=== EXTRACTED MATERIAL ===
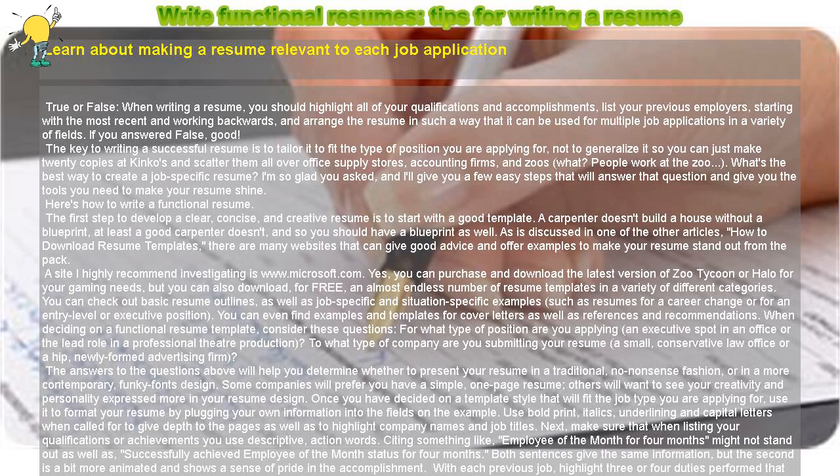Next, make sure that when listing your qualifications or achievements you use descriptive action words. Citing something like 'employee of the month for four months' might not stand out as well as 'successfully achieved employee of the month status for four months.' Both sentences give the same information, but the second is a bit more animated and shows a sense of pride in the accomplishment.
...
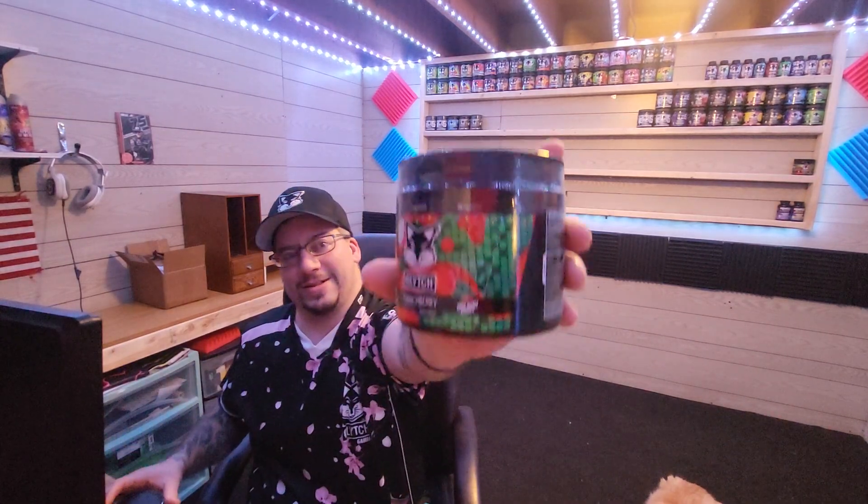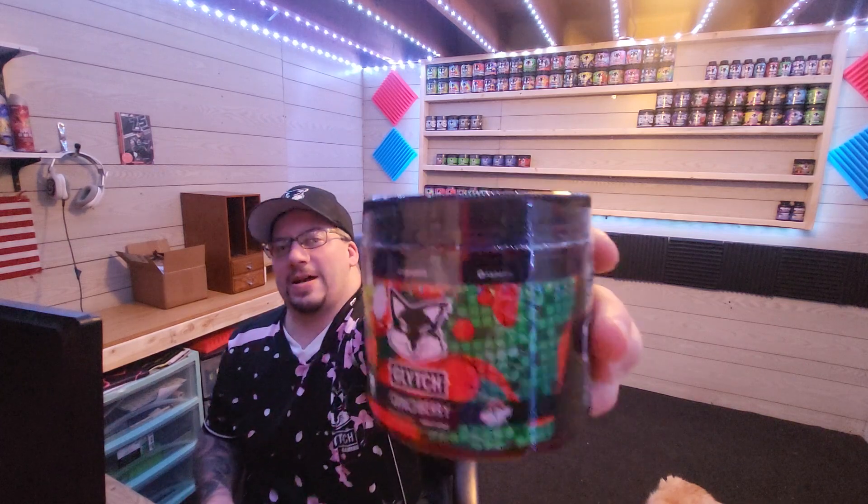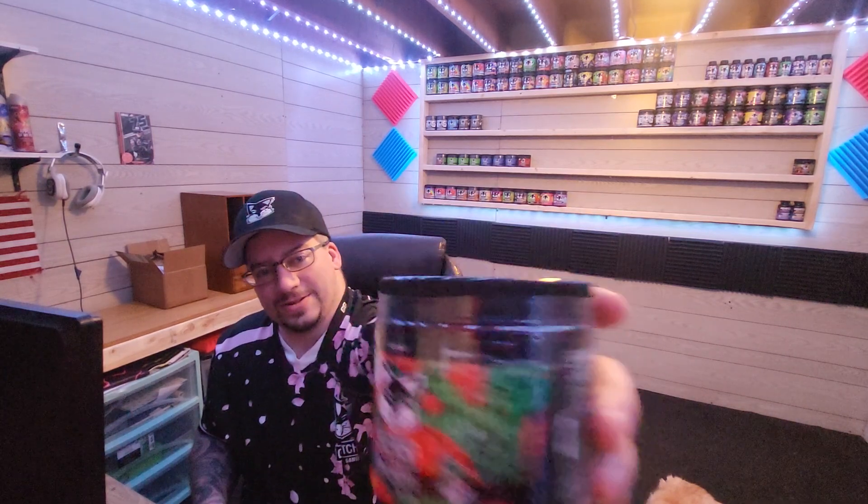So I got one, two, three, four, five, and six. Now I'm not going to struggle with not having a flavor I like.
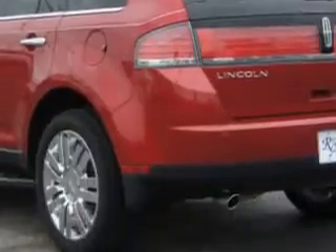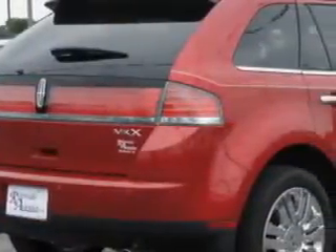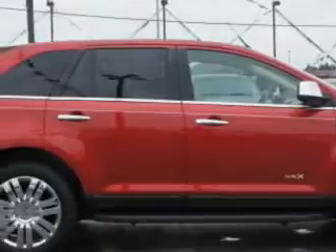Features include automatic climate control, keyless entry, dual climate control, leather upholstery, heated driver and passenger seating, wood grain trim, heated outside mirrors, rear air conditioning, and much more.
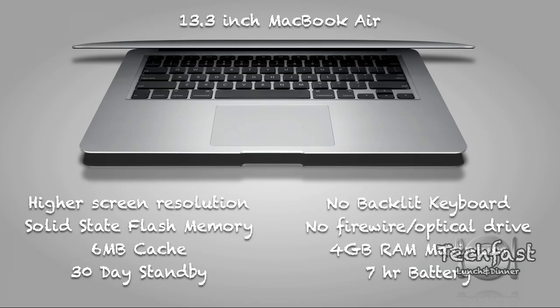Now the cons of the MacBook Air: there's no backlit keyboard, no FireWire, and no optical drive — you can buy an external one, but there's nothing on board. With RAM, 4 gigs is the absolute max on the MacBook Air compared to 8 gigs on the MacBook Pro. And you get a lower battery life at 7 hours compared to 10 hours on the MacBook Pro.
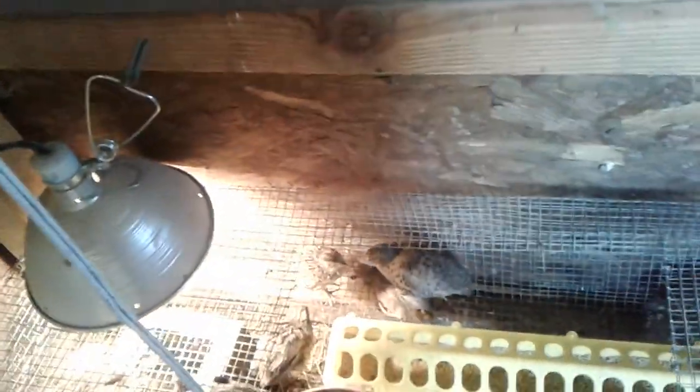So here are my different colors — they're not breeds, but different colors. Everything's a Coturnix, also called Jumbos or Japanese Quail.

=== EXERCISE ===
Having found the line with "Now the cons" and the line with "So here are" in the material above, write out exactly those two and every line between, leaving the pictures out.

=== TASK OUTPUT ===
Now the cons of the MacBook Air: there's no backlit keyboard, no FireWire, and no optical drive — you can buy an external one, but there's nothing on board. With RAM, 4 gigs is the absolute max on the MacBook Air compared to 8 gigs on the MacBook Pro. And you get a lower battery life at 7 hours compared to 10 hours on the MacBook Pro.
So here are my different colors — they're not breeds, but different colors. Everything's a Coturnix, also called Jumbos or Japanese Quail.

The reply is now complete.